Woke Up With a Monster

There was a time, circa 1977-80, when Cheap Trick were sitting on top of the world. With its skewed Beatle-pop and calculated image, the Illinois quartet rose from obscurity to arena-rock status practically overnight. The beauty of Cheap Trick was that you could love them even if you didn’t get the joke. The group’s irony was grafted onto the sort of rock-solid hooks and harmonies only a dolt could ignore. You can still hear the influence of that pioneering sound on today’s up-and-coming arena-rock hopefuls (Urge Overkill, Enuff Z’Nuff!).
Trouble is, by the end of the ’80s, Cheap Trick had forgotten they were the Thinking Man’s Party Band and started to sound like their goal was to achieve parity with Warrant or Winger. It would be nice to report that Woke Up With a Monster is a return to form, but too much of it is simply well-crafted pop metal.
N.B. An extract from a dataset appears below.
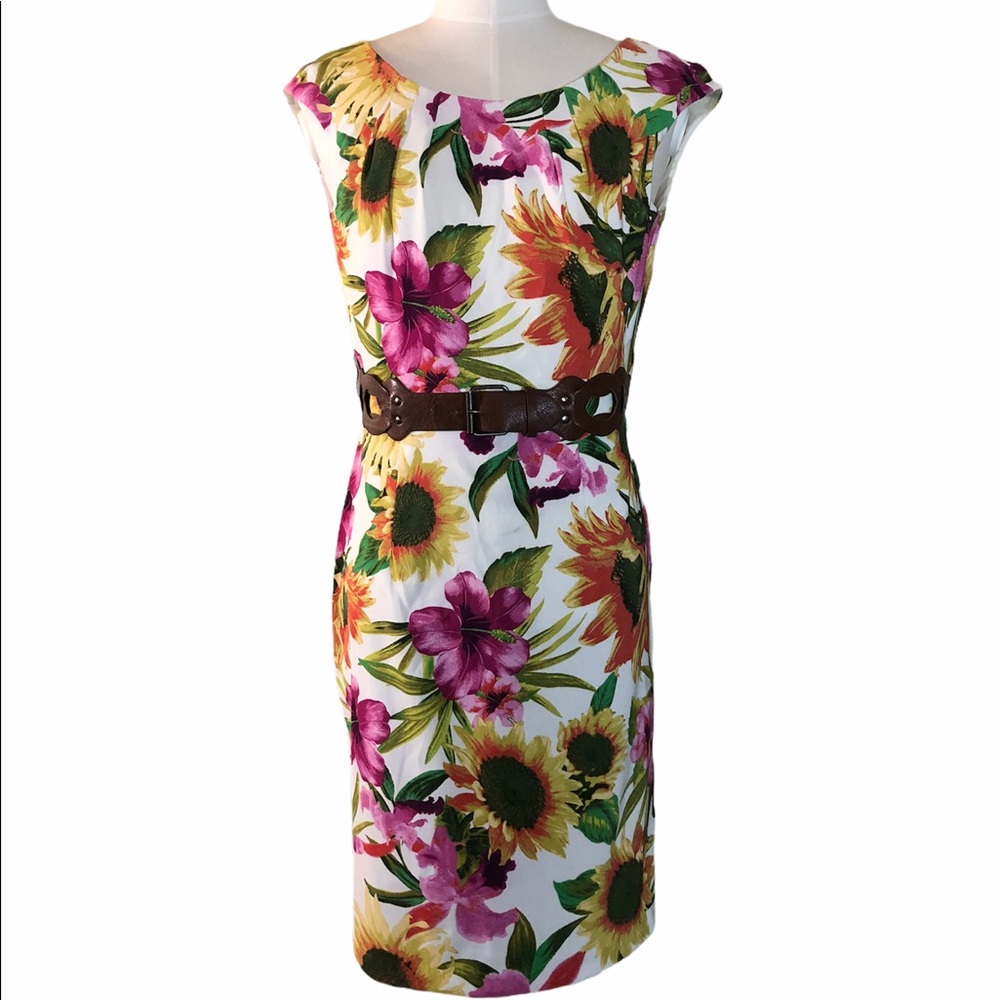 Dress Barn Sunflower Dress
To be fair, Monster isn’t a total washout: “My Gang” and “Girlfriends” have some of the old flair, and “You’re All I Wanna Do” is as tidy a power-pop number as Cheap Trick have knocked off in a dog’s age. But the smell of compromise that has dogged the band since its massive 1988 MOR hit “The Flame” hangs over the rest, from freeze-dried ballads like “Never Run Out of Love” to bland funk moves like “Ride the Pony.” Most distressing is the paucity of humor, once a Cheap Trick hallmark. Are we really supposed to wring our hands over the title track’s melodramatic portrait of a marriage on the rocks? Monster leaves you wondering who stole the fun from Cheap Trick’s music.
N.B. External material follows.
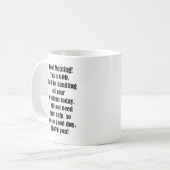 Goedemorgen, GOD Koffiemok (Voorkant links)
The fun’s a-poppin’, though, on Freak City Soundtrack, the third album from that Illinois trio Material Issue. Filled with fat guitar sounds and fatter melodies, Freak is a feast of catchy songs that imprint themselves on your memory after one spin. Singer/songwriter and guitarist Jim Ellison yelps and croons lyrics about rooting through his girlfriend’s purse or developing a crush on a waitress like a post-adolescent gone girl crazy. Cheap Trick could relearn a thing or two from these guys. Ironically, Rick Nielsen of Cheap Trick has given his Illinois homeboys his imprimatur and even contributes some smokin’ guitar to two tracks. What was that old bit about the child being father to the man?